::: Dataset records

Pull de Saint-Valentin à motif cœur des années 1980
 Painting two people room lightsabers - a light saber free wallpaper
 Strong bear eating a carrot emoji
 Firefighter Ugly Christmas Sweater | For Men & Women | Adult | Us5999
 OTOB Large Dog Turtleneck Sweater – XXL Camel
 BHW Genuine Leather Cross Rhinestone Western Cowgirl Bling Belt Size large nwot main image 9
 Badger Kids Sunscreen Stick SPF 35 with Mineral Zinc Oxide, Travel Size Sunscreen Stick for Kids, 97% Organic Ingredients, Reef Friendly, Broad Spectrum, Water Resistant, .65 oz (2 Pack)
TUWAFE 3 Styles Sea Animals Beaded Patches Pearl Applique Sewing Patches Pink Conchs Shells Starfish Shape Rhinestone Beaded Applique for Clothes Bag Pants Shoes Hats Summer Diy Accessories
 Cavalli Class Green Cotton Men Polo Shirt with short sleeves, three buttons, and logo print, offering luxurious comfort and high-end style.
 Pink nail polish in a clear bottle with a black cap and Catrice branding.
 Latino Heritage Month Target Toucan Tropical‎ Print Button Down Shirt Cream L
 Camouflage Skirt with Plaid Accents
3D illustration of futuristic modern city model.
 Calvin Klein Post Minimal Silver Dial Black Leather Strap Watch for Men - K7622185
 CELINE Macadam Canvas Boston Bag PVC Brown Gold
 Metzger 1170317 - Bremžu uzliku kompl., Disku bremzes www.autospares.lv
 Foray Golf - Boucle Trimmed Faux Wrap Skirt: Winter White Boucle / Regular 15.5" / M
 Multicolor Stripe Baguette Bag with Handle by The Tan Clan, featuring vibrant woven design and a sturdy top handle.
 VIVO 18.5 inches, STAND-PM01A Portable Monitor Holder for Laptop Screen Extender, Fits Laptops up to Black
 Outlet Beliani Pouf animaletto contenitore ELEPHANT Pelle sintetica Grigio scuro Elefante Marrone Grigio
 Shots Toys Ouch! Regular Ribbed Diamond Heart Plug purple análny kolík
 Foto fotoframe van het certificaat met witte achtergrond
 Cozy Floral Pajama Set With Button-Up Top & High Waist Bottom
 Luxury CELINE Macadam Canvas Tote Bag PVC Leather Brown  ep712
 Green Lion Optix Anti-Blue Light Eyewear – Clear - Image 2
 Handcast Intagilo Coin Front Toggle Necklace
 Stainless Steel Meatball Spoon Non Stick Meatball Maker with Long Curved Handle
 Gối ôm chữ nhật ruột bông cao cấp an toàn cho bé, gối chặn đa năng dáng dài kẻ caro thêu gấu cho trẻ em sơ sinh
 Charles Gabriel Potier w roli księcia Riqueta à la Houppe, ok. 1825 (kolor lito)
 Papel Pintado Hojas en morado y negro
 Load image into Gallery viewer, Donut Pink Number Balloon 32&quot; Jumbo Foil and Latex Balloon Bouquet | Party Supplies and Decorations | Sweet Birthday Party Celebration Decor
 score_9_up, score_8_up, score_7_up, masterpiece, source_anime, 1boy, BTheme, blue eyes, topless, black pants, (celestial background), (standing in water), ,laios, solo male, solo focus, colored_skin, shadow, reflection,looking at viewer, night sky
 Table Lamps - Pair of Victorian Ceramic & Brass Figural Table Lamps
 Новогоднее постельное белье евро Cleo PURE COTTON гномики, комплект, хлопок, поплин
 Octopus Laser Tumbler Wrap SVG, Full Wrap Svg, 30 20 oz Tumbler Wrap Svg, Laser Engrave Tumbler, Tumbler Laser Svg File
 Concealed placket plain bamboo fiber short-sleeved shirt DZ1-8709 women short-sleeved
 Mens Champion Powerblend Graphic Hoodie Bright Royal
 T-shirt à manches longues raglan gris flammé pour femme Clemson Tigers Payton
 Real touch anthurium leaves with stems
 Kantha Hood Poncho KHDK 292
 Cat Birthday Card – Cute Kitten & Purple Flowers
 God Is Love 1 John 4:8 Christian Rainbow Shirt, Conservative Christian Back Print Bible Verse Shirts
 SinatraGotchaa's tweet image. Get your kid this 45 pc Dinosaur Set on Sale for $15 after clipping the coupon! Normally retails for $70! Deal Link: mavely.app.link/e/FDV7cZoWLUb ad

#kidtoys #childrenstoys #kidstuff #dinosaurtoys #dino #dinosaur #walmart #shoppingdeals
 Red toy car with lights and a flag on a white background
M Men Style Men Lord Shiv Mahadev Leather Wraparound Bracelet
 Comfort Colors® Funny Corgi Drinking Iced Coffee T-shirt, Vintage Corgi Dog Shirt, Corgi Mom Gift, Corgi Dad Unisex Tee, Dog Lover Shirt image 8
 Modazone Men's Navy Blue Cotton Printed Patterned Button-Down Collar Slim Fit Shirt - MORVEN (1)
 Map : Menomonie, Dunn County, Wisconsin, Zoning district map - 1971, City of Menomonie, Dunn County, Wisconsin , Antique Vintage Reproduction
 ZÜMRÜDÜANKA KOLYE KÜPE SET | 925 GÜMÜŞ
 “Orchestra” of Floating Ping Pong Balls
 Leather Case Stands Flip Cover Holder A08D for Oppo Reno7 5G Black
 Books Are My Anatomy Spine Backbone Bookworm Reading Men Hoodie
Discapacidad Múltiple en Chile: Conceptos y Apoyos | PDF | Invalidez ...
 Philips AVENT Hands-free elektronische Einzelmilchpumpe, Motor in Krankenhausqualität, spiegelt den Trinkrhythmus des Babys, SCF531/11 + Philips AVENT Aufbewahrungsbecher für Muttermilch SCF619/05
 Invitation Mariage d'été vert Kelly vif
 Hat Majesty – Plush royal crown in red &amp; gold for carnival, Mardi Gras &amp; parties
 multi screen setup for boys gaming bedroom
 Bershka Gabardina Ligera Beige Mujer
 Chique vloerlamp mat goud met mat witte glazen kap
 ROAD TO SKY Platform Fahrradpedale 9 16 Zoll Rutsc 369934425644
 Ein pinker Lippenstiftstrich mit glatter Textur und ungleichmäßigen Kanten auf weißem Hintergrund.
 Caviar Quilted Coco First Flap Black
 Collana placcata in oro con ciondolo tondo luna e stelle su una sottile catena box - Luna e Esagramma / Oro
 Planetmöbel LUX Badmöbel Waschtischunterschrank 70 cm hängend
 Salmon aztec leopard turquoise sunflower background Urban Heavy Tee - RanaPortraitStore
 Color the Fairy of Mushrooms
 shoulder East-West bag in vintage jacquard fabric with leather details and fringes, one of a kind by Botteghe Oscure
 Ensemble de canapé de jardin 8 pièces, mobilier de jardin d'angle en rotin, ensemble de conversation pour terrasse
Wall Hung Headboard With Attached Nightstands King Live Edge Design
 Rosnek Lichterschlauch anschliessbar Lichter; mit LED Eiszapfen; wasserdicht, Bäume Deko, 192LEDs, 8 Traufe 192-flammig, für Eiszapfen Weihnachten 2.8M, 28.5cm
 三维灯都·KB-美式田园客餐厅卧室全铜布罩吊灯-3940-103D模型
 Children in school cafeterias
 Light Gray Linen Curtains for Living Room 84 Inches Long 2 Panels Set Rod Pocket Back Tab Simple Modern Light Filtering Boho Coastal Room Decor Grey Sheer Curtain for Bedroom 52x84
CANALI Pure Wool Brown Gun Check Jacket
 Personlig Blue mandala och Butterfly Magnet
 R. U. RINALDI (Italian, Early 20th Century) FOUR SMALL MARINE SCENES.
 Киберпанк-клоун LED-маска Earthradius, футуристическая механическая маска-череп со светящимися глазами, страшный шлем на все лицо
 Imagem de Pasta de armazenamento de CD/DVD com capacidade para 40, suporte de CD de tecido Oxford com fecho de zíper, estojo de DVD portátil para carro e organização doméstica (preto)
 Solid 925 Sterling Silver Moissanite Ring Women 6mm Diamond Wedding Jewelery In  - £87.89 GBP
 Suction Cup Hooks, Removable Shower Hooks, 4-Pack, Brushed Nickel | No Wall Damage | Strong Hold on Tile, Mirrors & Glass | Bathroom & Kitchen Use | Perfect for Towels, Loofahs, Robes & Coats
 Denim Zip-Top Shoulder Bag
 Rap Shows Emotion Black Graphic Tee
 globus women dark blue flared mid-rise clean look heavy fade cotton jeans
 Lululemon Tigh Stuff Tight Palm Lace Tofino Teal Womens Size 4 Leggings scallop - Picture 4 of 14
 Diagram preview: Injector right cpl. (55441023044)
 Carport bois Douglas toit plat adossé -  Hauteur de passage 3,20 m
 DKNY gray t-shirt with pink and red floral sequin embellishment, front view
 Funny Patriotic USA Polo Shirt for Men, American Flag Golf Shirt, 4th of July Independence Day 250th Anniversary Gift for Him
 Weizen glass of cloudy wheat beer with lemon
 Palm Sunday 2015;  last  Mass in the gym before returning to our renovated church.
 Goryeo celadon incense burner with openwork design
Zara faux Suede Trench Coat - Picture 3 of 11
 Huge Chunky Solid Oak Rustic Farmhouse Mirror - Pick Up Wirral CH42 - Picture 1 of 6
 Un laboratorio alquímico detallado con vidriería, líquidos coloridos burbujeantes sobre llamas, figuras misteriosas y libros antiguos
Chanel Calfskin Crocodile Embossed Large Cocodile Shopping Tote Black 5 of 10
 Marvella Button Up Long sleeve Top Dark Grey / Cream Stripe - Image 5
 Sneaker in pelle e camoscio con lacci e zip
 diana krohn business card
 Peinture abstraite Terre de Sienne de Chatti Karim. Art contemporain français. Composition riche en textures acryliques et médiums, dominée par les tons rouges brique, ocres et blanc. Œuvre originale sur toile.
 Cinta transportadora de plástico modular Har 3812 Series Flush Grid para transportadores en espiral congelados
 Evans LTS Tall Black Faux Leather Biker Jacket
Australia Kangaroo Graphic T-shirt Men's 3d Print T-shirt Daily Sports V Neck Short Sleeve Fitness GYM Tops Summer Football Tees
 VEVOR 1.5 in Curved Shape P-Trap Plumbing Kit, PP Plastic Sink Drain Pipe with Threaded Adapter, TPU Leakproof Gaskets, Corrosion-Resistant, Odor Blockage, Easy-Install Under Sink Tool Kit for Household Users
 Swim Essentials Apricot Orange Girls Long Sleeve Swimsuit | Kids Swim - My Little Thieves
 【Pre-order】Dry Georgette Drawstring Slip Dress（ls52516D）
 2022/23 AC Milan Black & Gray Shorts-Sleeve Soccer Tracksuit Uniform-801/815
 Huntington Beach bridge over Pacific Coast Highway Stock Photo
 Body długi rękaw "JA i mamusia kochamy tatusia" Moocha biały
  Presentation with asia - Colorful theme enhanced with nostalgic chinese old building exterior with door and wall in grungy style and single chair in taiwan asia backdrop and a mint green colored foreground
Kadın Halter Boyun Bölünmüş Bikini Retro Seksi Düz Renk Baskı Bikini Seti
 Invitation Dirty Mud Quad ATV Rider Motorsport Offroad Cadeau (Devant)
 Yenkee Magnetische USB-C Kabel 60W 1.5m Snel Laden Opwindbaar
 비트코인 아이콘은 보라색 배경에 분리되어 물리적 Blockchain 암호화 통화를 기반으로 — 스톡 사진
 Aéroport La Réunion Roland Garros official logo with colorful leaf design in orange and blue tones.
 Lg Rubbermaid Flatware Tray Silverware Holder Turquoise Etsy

::::::

## [Task description]
Tally the lines in the data that contain the string "Solid". Report only the total.

## [Reply to the task]
2